I started painting, because I thought I would try another artistic outlet for myself since I am not good at any other artsy things. Every time I do paint, it is like I am learning all over again. It is different every time and I love it. It relaxes me. Focuses me. Brings me calm.
I have the images in my mind, but as that image goes through me and down my arm and out my hand with an art utensil of any kind, it usually looks like a kindergartener did it. Seriously!
Some days I think of selling some of my paintings. Well, the ones that I actually don’t hide in the closet, which is most of them. I do show them to friends when asked. I mostly just give them to friends as gifts. If someone likes one, it is usually going home under their arm.
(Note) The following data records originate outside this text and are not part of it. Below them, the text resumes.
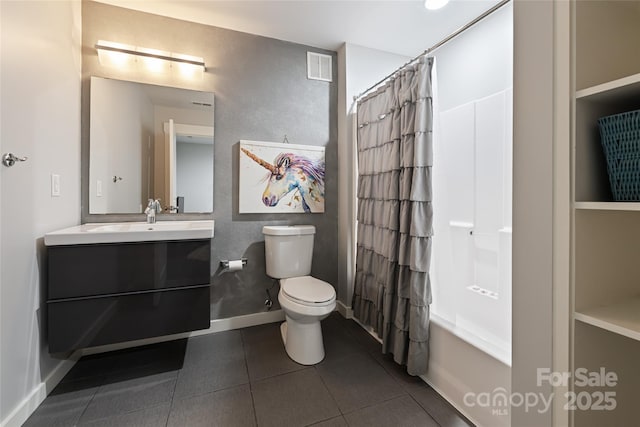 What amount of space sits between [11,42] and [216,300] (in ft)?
6.17

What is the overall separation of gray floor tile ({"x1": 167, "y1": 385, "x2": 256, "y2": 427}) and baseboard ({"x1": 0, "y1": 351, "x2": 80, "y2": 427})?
65cm

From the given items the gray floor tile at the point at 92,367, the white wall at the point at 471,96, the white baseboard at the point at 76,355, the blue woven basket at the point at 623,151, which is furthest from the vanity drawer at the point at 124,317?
the blue woven basket at the point at 623,151

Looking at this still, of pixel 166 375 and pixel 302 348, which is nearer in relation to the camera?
pixel 166 375

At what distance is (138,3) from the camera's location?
1.94 metres

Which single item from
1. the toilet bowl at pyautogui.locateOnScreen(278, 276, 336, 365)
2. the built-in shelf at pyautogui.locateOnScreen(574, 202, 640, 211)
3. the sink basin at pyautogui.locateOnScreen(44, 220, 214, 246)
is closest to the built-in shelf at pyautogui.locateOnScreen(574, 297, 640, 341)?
the built-in shelf at pyautogui.locateOnScreen(574, 202, 640, 211)

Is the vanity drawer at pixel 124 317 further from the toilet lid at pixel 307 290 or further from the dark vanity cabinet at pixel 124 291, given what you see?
the toilet lid at pixel 307 290

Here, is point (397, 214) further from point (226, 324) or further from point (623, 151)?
point (226, 324)

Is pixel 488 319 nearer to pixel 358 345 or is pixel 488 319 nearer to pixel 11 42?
pixel 358 345

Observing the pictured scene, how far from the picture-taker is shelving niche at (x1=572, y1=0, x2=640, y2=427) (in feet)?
2.55

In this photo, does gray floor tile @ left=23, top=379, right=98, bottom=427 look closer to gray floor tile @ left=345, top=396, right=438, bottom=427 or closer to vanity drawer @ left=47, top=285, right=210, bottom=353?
vanity drawer @ left=47, top=285, right=210, bottom=353

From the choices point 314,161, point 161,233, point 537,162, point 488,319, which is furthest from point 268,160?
point 488,319

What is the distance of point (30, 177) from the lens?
1.36 metres

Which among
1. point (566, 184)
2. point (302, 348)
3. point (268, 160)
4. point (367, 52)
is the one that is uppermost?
point (367, 52)

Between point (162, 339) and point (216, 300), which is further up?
point (216, 300)
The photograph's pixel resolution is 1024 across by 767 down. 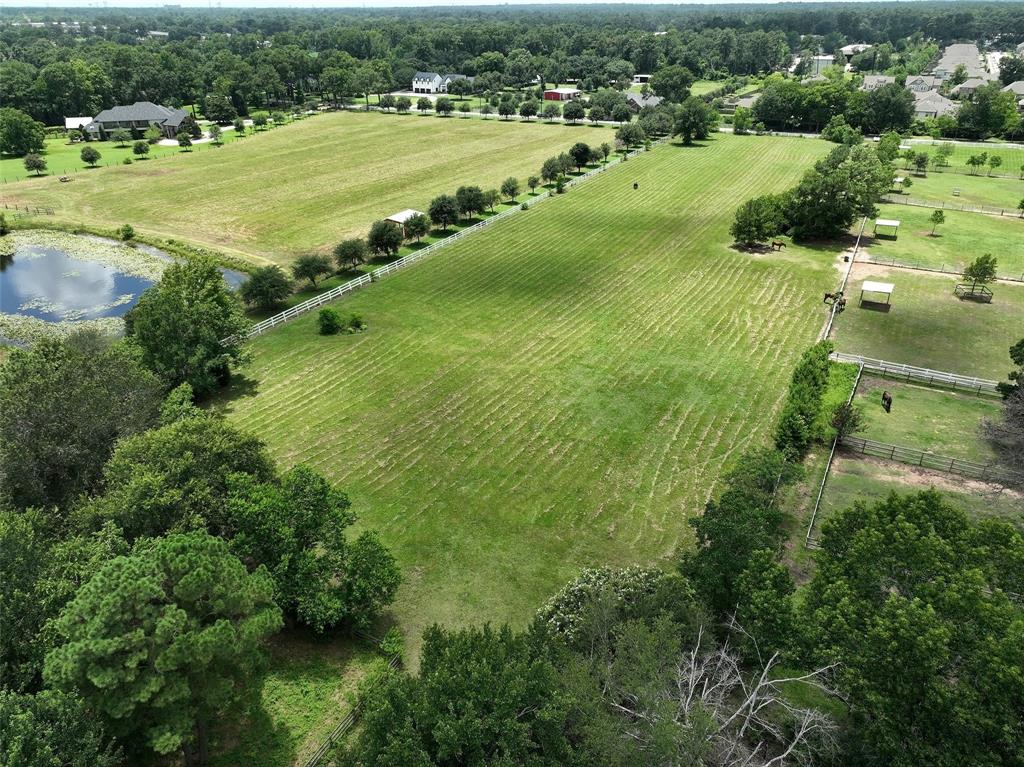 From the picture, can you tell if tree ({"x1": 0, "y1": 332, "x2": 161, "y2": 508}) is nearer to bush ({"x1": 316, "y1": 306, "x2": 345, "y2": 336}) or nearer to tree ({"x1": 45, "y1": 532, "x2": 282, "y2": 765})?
tree ({"x1": 45, "y1": 532, "x2": 282, "y2": 765})

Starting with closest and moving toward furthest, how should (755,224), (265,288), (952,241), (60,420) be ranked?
(60,420) < (265,288) < (755,224) < (952,241)

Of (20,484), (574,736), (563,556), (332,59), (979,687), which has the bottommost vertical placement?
(563,556)

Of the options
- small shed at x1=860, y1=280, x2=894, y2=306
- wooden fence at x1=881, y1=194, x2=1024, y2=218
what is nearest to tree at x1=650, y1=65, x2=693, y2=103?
wooden fence at x1=881, y1=194, x2=1024, y2=218

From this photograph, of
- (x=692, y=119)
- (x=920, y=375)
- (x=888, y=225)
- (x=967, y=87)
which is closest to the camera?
(x=920, y=375)

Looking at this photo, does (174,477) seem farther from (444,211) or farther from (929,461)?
(444,211)

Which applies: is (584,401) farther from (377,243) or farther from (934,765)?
(377,243)

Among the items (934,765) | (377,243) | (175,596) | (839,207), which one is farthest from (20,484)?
(839,207)

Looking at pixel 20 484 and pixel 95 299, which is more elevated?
pixel 20 484

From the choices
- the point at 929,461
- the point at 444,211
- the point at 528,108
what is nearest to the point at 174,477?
the point at 929,461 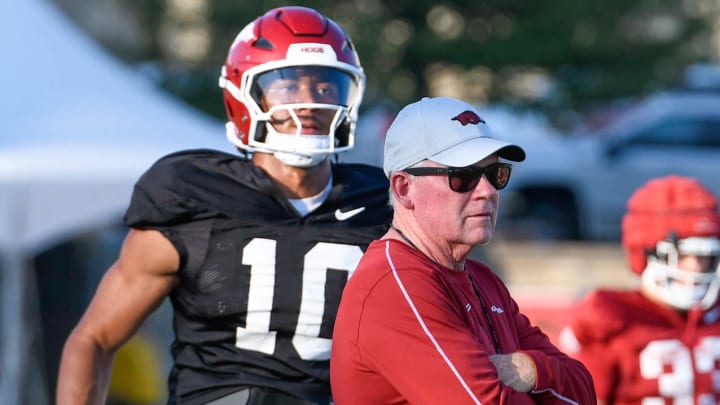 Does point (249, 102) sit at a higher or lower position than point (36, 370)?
higher

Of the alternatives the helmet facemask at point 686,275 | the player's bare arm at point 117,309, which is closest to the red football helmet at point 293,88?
the player's bare arm at point 117,309

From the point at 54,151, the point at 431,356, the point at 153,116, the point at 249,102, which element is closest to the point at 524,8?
the point at 153,116

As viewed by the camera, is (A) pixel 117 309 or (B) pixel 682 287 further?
(B) pixel 682 287

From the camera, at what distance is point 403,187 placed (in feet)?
8.84

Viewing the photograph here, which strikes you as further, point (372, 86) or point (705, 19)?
point (705, 19)

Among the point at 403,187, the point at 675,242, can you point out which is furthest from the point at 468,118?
the point at 675,242

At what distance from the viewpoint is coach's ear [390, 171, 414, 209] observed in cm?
268

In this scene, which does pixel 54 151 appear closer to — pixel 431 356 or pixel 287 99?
pixel 287 99

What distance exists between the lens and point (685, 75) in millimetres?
15602

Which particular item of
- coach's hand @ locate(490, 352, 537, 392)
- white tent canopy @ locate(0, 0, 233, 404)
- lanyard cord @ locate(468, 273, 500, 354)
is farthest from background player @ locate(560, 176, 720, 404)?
white tent canopy @ locate(0, 0, 233, 404)

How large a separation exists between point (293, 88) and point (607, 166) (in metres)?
12.1

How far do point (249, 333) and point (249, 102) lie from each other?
659 millimetres

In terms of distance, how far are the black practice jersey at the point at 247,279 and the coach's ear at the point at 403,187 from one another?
76 cm

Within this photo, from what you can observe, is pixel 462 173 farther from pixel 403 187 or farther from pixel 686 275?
pixel 686 275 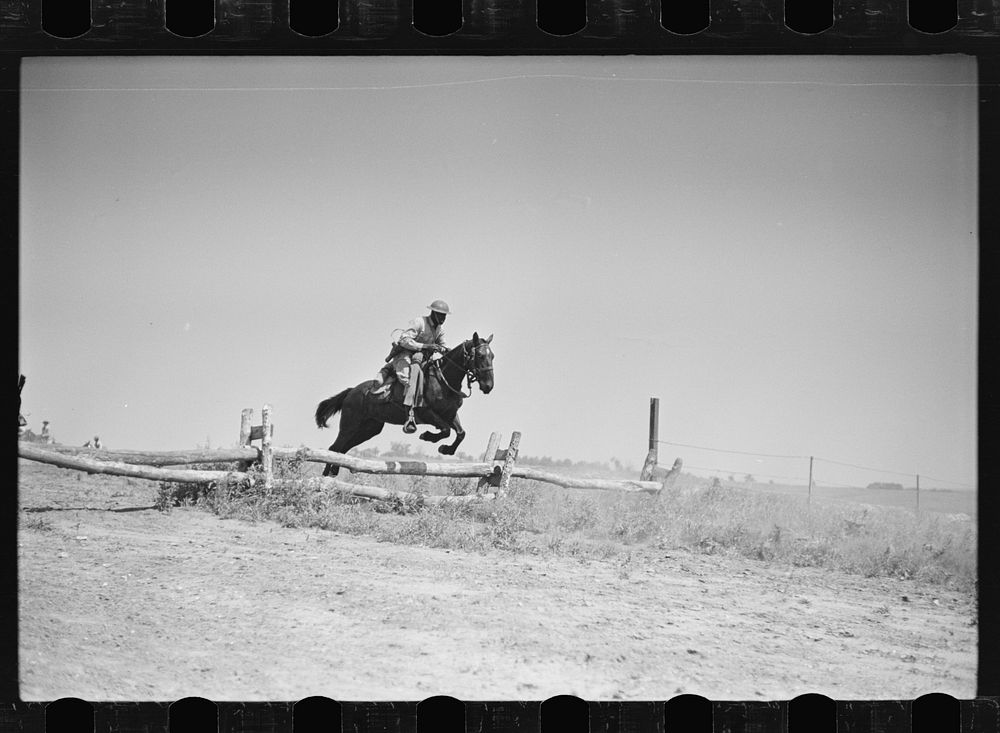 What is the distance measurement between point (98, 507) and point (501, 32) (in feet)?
24.0

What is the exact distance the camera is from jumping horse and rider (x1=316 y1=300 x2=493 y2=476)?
9.50 m

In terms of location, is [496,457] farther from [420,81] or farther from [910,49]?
[910,49]

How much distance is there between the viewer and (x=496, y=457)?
10.9 metres

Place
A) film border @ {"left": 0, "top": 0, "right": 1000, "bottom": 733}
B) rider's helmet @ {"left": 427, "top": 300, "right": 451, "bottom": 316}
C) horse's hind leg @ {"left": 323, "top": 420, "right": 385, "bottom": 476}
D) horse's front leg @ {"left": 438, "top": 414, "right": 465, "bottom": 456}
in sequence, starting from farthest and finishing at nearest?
horse's hind leg @ {"left": 323, "top": 420, "right": 385, "bottom": 476} < horse's front leg @ {"left": 438, "top": 414, "right": 465, "bottom": 456} < rider's helmet @ {"left": 427, "top": 300, "right": 451, "bottom": 316} < film border @ {"left": 0, "top": 0, "right": 1000, "bottom": 733}

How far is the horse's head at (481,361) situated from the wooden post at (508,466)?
44.8 inches

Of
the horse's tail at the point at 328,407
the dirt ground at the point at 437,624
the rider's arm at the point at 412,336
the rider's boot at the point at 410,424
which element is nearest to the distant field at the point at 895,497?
the dirt ground at the point at 437,624

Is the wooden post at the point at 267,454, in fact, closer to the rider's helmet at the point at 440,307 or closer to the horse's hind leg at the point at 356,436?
the horse's hind leg at the point at 356,436

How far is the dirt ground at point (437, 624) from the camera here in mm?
5980

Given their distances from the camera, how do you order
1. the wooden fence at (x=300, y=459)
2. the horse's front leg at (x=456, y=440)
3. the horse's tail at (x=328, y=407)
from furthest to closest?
1. the horse's front leg at (x=456, y=440)
2. the horse's tail at (x=328, y=407)
3. the wooden fence at (x=300, y=459)

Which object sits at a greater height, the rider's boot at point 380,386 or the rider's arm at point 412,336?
the rider's arm at point 412,336

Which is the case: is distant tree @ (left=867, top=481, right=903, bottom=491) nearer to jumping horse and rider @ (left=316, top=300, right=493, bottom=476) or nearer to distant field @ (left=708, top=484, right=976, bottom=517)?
distant field @ (left=708, top=484, right=976, bottom=517)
I do have a couple that I really liked, and those went to special people in my lives. If they hate them, I guess they can hide them in their closet too. LOL!
My Husband has had a request in for some time now of an Arizona stormy sunset. I have several photos, just haven’t tried it yet. I’ve never really taken the clouds on and they seem a bit intimidating. I really need to do it just for him.
Sometimes I paint something, because it reminds me of someone. Like sunflowers remind me of my Niece, Jennifer.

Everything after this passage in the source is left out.